This study examined changes in regional brain glucose metabolism associated with placebo response in patients with major depression who were participating in a double-blind, placebo-controlled PET imaging study of the effects of the antidepressant fluoxetine (28, 29). We hypothesized the existence of a common pattern of regional metabolic changes with clinical response, independent of whether a patient was given active or inactive medication, with response to active fluoxetine showing additional regional changes reflective of drug-specific effects.
Method
Treatment Protocol
Seventeen unmedicated depressed men (age: mean=49 years, SD=9; current episode duration: mean=18 weeks, SD=2; score on 17-item Hamilton Depression Rating Scale: mean=22, SD=5, score on Mini-Mental State Examination: mean=29, SD=2) with symptoms requiring treatment were recruited from the inpatient psychiatry unit at the Audie L. Murphy Memorial Veterans Administration Hospital in San Antonio, Tex.

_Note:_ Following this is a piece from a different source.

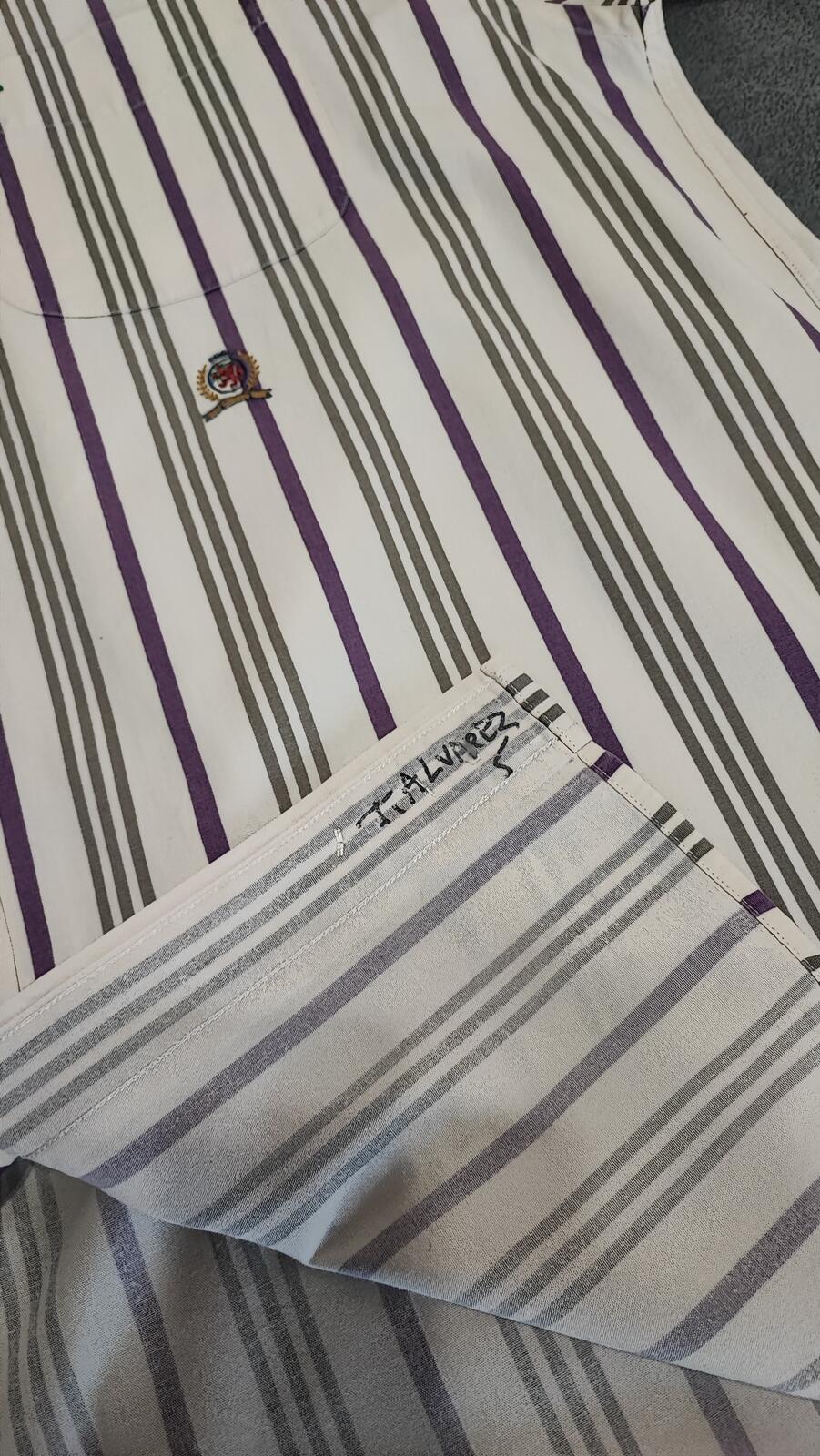 Vintage Tommy Hilfiger Striped Long Sleeve Preppy Shirt Purple Men Size XL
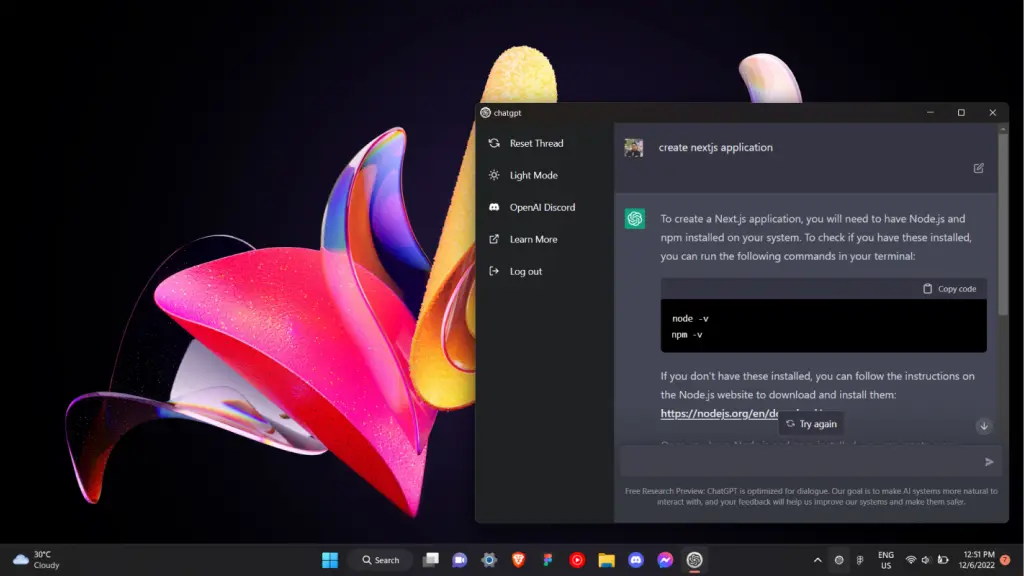  Interface do ChatGPT para desktop da OpenAI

The clinical diagnosis of a major depressive episode, unipolar type, was confirmed by two independent psychiatrists using DSM-IV criteria and a structured psychiatric interview (47). None of the enrolled subjects was considered treatment resistant by history. Exclusion criteria included a history of neurological disease, head trauma, or other axis I psychiatric diagnoses, as well as having current psychotic symptoms, substance abuse, antidepressant treatment within the preceding month, previous nonresponse to fluoxetine, or previous ECT. Written informed consent was obtained from all subjects, and the study was conducted as approved by the institutional review board of the University of Texas Health Science Center.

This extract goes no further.